他也原则上同意上报,但局办公室用印,必须得分管谢福林秘书长签字。可谢秘书长这两天在外面考察,要明天才能回来。廖局长表示他很为难,程序规定如此,他不好破例。”
我听完,一股火气直往上冲:“程序规定是死的,人是活的!他廖书旗一个副局长,连这点变通都做不了?打个电话请示一下谢秘书长,或者先办后补手续,能有多难?这分明是拖沓!”
杨明瑞叹了口气,无奈地说:“廖局长也是这个意思,说就算现在报上去,省厅那边论证、审批,一套流程走下来,没有一两个月也批不下来。他还说……让我们别太着急,光他们急也没用。
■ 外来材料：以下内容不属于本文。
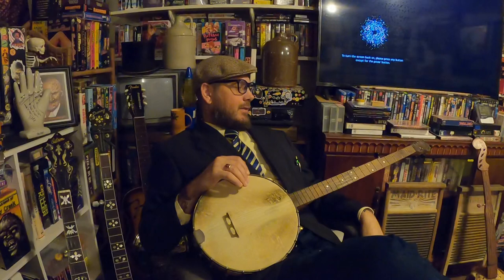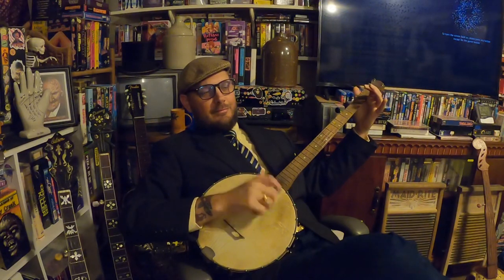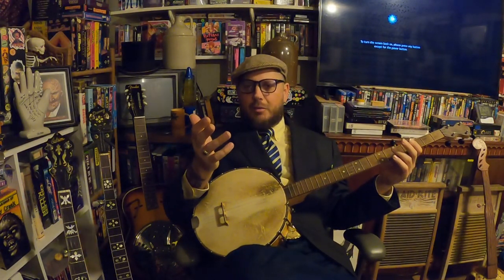All right, how y'all doing today? For those of you that was paying attention there, you'll see what I was trying to do. I was trying to mix in a little bit of that Pete Seeger style up-picking, and then I tried to do it just regular claw hammer with a little bit of drop thumb mixed in there in the middle.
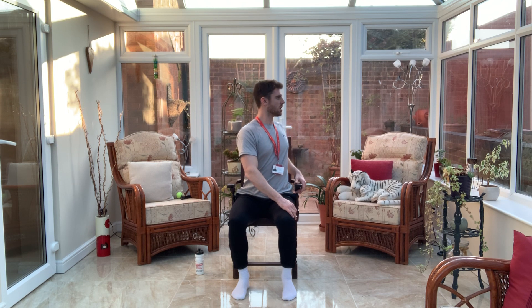All we're going to do now is place the right hand onto the left leg and just turn our body over to the left. Again, we're going to inhale.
”
“这是什么话!”我站起身,在办公室里踱了两步,“这种作风,关键时刻怎么能指望得上!走,明瑞,我们一起去向丁书记汇报这个情况。正好,防汛资金被削减的事,也要一并和他沟通,看看书记有什么指示。”
当我们来到丁洪涛办公室时,他正拿着一本《红旗》杂志在看。见我们进来,他缓缓放下杂志,摘下老花镜:“是朝阳县长和明瑞同志啊。进来坐。”他指了指对面的沙发。
我们坐下后,丁洪涛并没有先问我们的来意,而是拿起茶杯喝了一口,看似随意地对杨明瑞说:“明瑞同志啊,上次常委会前提到的,关于县城主干道沿街墙面统一粉刷美化,以及更新宣传标语的事,建委那边预算方案拿出来了吗?这件事虽然不像防汛那么急,但关系到县城的形象和精神面貌,也要抓紧落实啊。”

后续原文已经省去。